What Bar Nothing did not have time to do, Blade of Time fulfilled beyond all expectations. Her stakes winners include Futurity winner Guillotine; Santa Anita Derby winner Bymeabond; Hopeful winner Blue Border; Monmouth Oaks winner Ruddy and Broodmare of the Year Kerala, dam of Damascus. Blade of Time also produced the unraced Bimelech filly Glaive whose descendents include Bordeaux Bob and Irish Actor.
While not overlooking Glaive’s contribution, nor the occasional contribution of other members of the family, it is pretty much Kerala who kept this family alive.
Although she did not race, Kerala was by the excellent sire and Chef-de-Race My Babu, considered a source of speed, which was already in abundant supply through her family’s linebreeding to Domino.
Despite Kerala’s roots, Damascus was something of a surprise. By 1959 Horse of the Year Sword Dancer, who in all fairness sired only one other good runner in Lady Pitt, Damascus’ small stature, plain bay coat and unpopular sire line did not turn many heads. That his two major racing rivals were the dashing Dr. Fager and the elegant Buckpasser did nothing to up his stock initially, so Damascus simply did it the hard way and beat both horses in the 1967 Woodward to earn Horse of the Year honors. That he did so after winning the Preakness, Belmont, Travers and Jockey Club Gold Cup, only added to the still-ongoing argument of which of those three horses was best.
Damascus returned at four, winning the Brooklyn Handicap, Malibu and San Fernando Stakes but bowed a tendon in the Jockey Club Gold Cup and was retired to Claiborne Farm where he spent his entire stud career until his death of natural causes on Aug. 8, 1995. He had been pensioned since 1989.
As is always true when one of the immortals dies, Damascus brought out the best in turf writers who remembered him fondly, whether they were bemoaning his missing the Triple Crown with a third-place finish to Proud Clarion in the Kentucky Derby or arguing that he was better than Dr. Fager and Buckpasser combined. One thing everyone agreed on was that Damascus represented the savoir of the Teddy male line.
In 1975, the late Bob Stokhaug and Cary Robertson Jr., penned a tribute to Damascus in The Thoroughbred Record called “A Slender Thread of Finest Steel”, tracing in part the decline, fall and rebirth via Damascus of the *Teddy line.

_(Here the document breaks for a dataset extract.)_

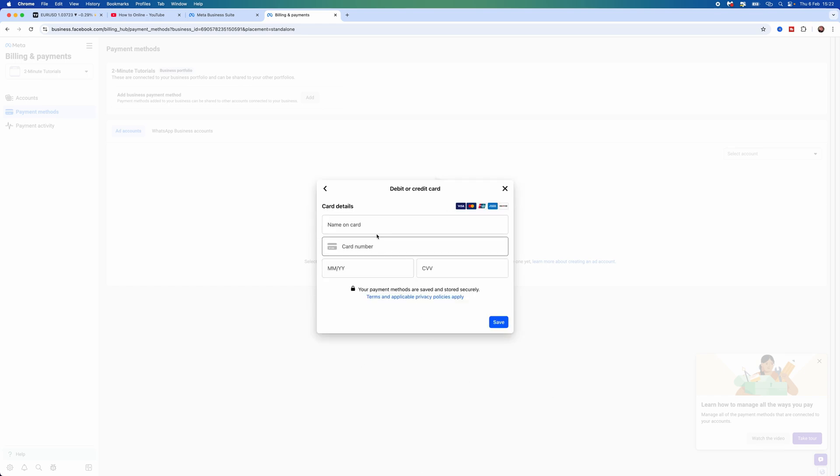Now, once we do that, we will be able to enter in our card details into this box right here and then select Save. Once we click on Save, that will mean that you've added that specific payment method to your Ads Manager on Meta Business Suite.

Part of that story is worth repeating here:
“…..the tragic end of his (Damascus’) racing career symbolized the fragility of a sire line beloved in America.
“It was a sire line which had flourished during the second quarter of this century, first with *Teddy and then with his sons *Bull Dog and *Sir Gallahad. In the case of the branch which was to include Damascus, the decline began with the first generation, when Sun Teddy, a less noteworthy son of *Teddy than the others mentioned, got the prolific but unsound Sun Again, a good racehorse but several lengths removed from the stars of his crop, Alsab and Shut Out. Sun Again sired 30 stakes winners, but the most likely of these failed to breed to expectations and Sunglow, a relatively undistinguished son, carried the feeble hopes of a sire line that apparently was at its nadir.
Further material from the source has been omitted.